Rating: 4.5 stars out of 5
Nick Fraser is a true romantic. He wants the guy instead of the girl, but other than that, he wants everything his favorite rom-coms depict: the courtship, the passionate first kiss, the fairy-tale wedding. But after breaking up with the love of his life, Nick wonders if anything fairy-tale will ever happen for him.
Then he meets Katie, who’s just like a rom-com heroine. She’s sharp, funny, sweet, and as into music and punk culture as Nick is. What’s more, he’s incredibly attracted to her—even though she’s a woman. Nick has never considered that he might be bisexual, but his feelings for Katie are definitely real.
When Katie reveals that she’s transgender, Nick starts to see how much he doesn’t understand about the world, queer identity, and himself. He is hopelessly in love with Katie, but this isn’t a fairy tale, and Nick’s friends and family may not accept his new relationship. If he wants it all, he has to have the courage to make his fantasy a reality.

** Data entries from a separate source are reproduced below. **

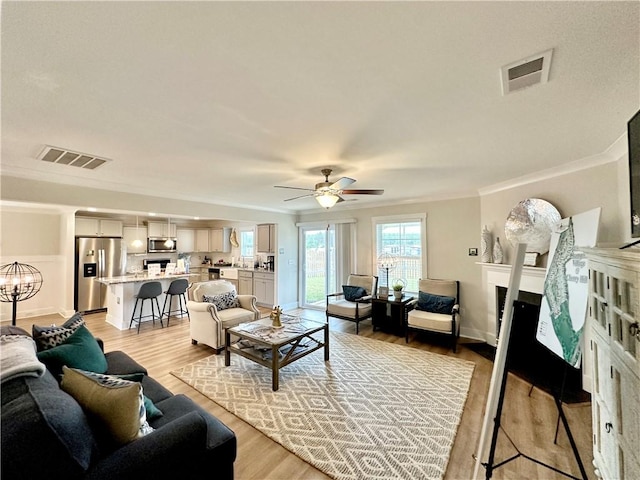 448 Seaborn Cir, Pendleton, SC 29670 - living room with crown molding, ceiling fan, light wood-style floors, and baseboards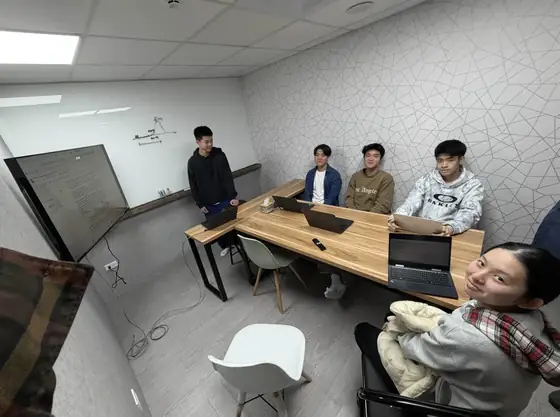 Five students around a wooden table with laptops in a small meeting room, one standing beside a whiteboard.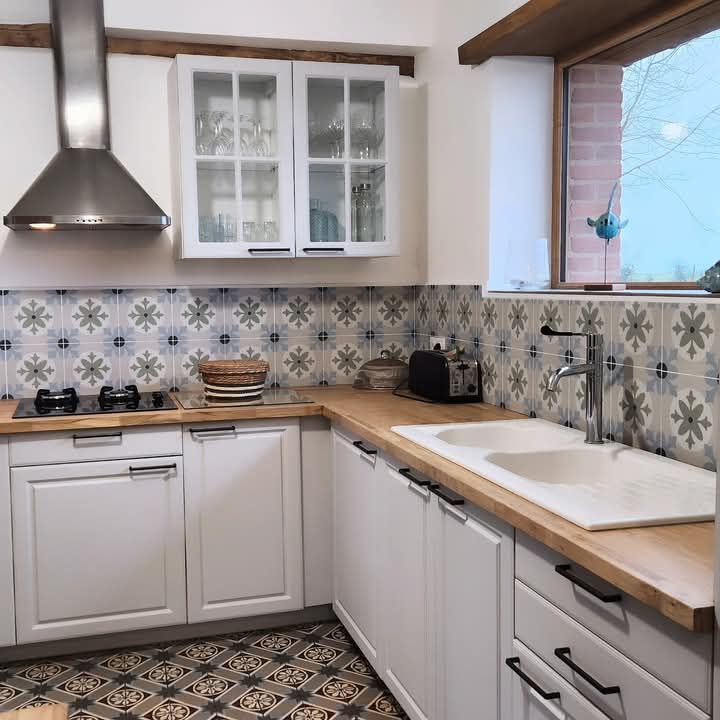 Une cuisine avec des armoires blanches et un évier à Fécamp en Normandie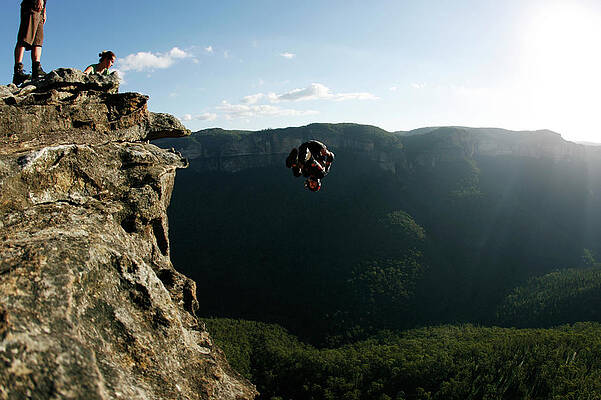 Wall Art - Photograph - A Base Jumper Performs A Front Flip by Krystle Wright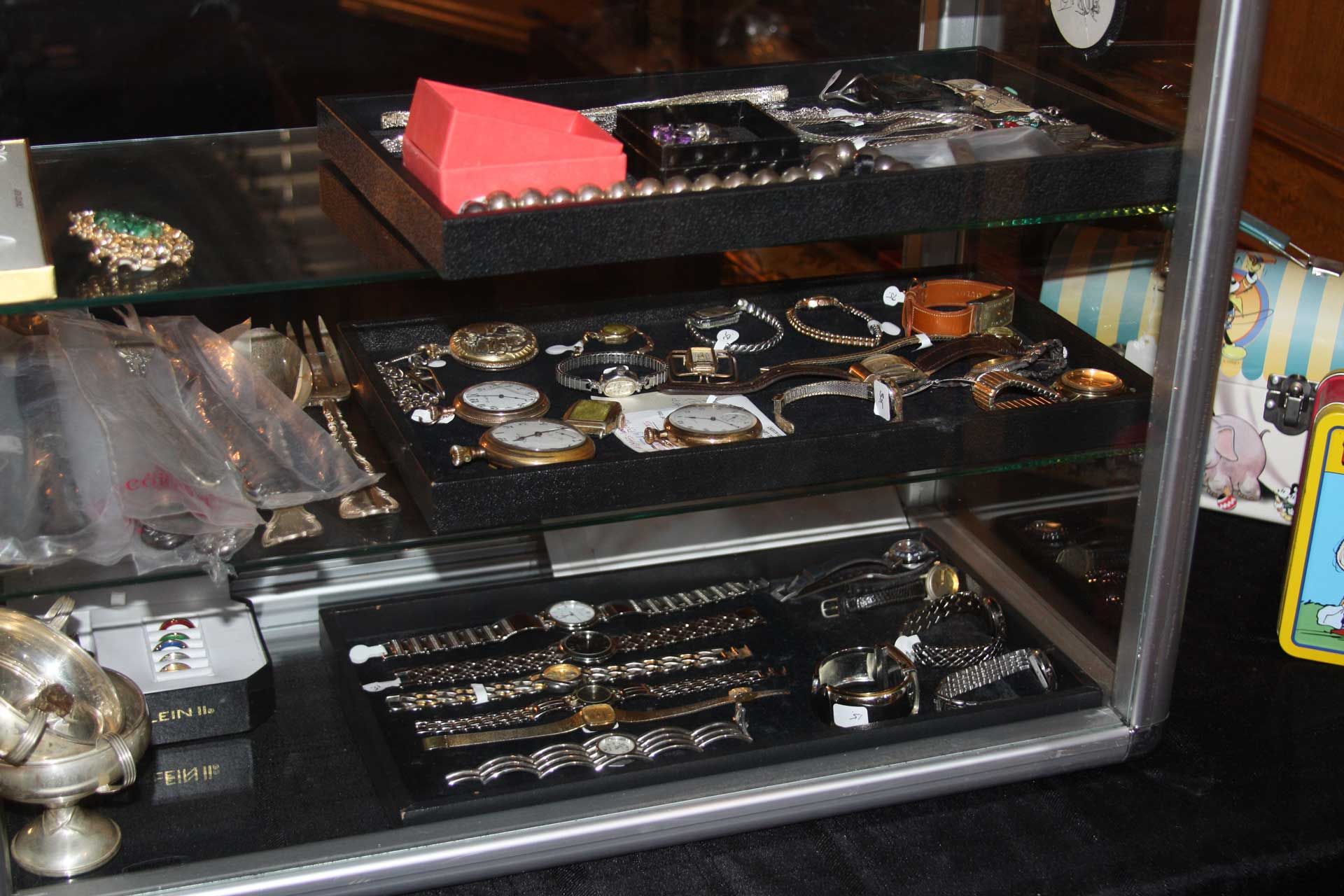 Jewelry display case with various bracelets, watches, and a red box.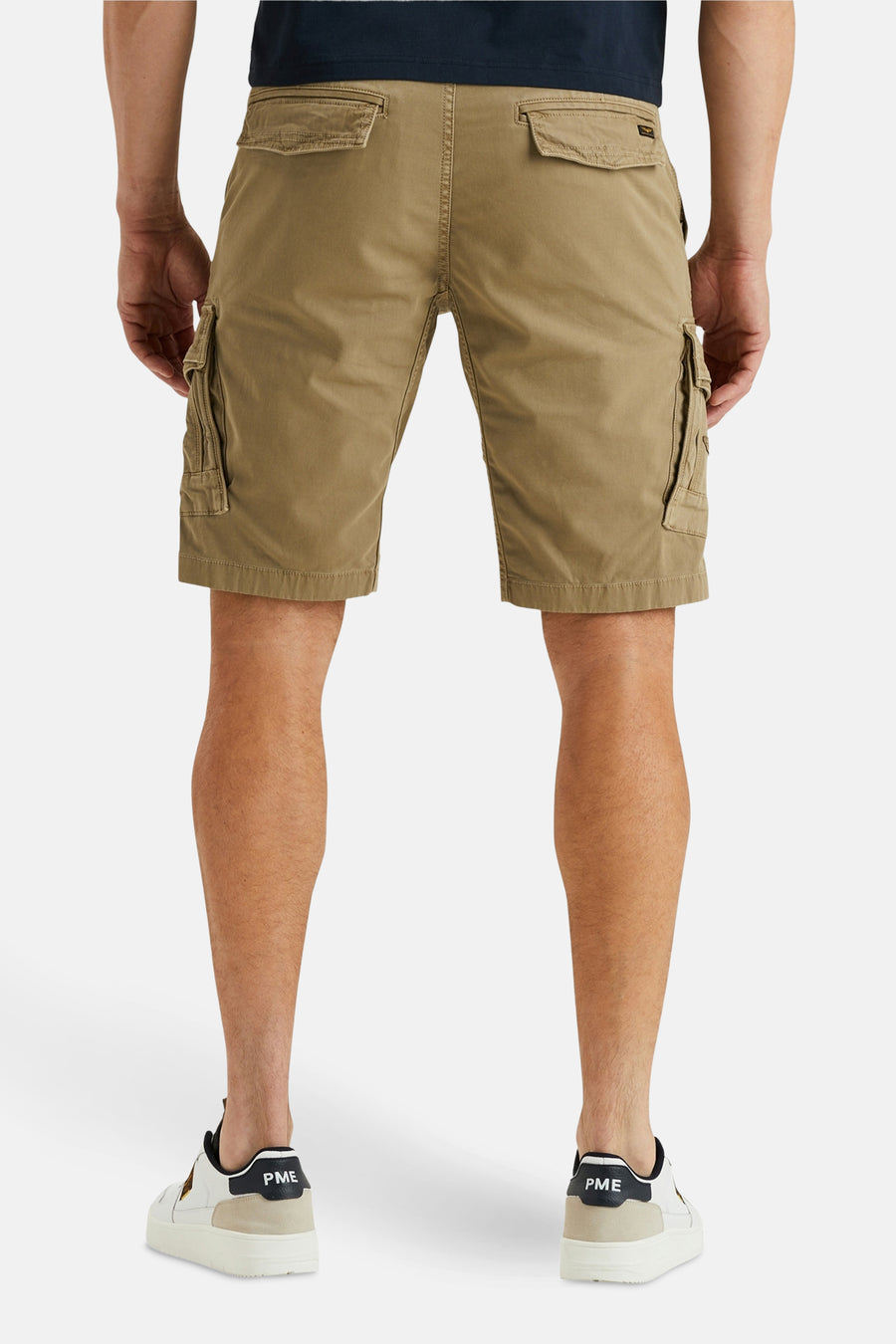 Korte beige cargo van Pme Legend, met zij- en achterzakken, gedragen met witte schoenen.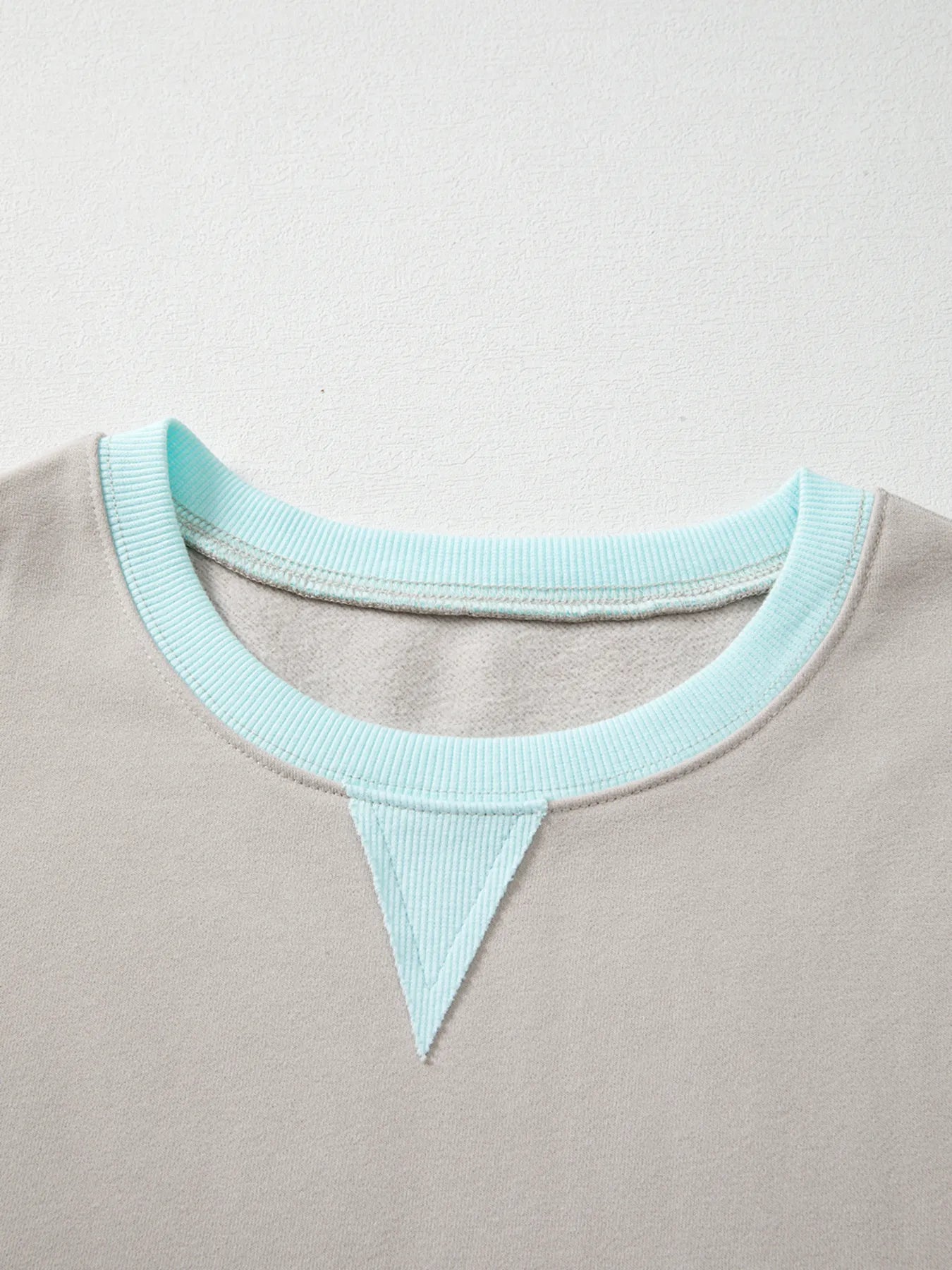 Close-up of a gray garment with a light blue neckline on a light gray background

Hopeless Romantic has the feeling of a coming of age story, but the characters are older than average. Which created the illusion of reading to parallel stories. Nick’s re-discovery of his sexuality and how he acted around his friends being one and his conversations with Katie about philosophy and music showing their maturity, the other.
I’m not a music person, but I’m part of the same generation the characters used to connect with each other. I might not know all the references, but the author provided enough context to understand how their conversations were part of their self-expression. And since I am a perpetual student too, I love the over-the-top exchanges.
Both main characters had a strong arc. Not only we get to know them personally but in relationship to their friendships and families. They didn’t live in a vacuum. The world around them was as important as their intimate moments. Even when some of those aspects were too juvenile for their characterization.
I’m glad Katie felt comfortable enough to be open to a relationship with someone that didn’t know everything about what her transition meant to her and to others. She was patient and perhaps too ready to forgive him, but in the end, it worked for their particular situation.
Nick’s characterization started blatantly transphobic, biphobic, and uninformed in relation to asexuality and other areas of the spectrum, but I think he represents many people in and out of the LGBTQ community. He reads as an insensitive prick, but I think that was the author’s intent. To show how misconceptions are hurtful and plain damaging. We get to experience Nick’s growth and how Katie and Tucker were there for him, even when it wasn’t their responsibility to educate him.
The secondary characters are lovely and the settings descriptions detailed enough to bring the reader into the different locations. There’s a lot happening in the story, many references to music and philosophical topics, but those never take over the story. Everything is interconnected to create a fictional atmosphere with enough consequence to be realistic.
There are some points the author is trying to show that seem a bit clinical. I think the book is more about Nick’s journey than anything else. As a couple, the main characters are sweet and their growing love ever present. Plus, they aren’t shy with each other. It’s one of the points they discovered/worked together.
The cover by Vivian Ng was the first thing that called my attention, together with the title. I like how it goes with the story and the scenes between Katie and Nick.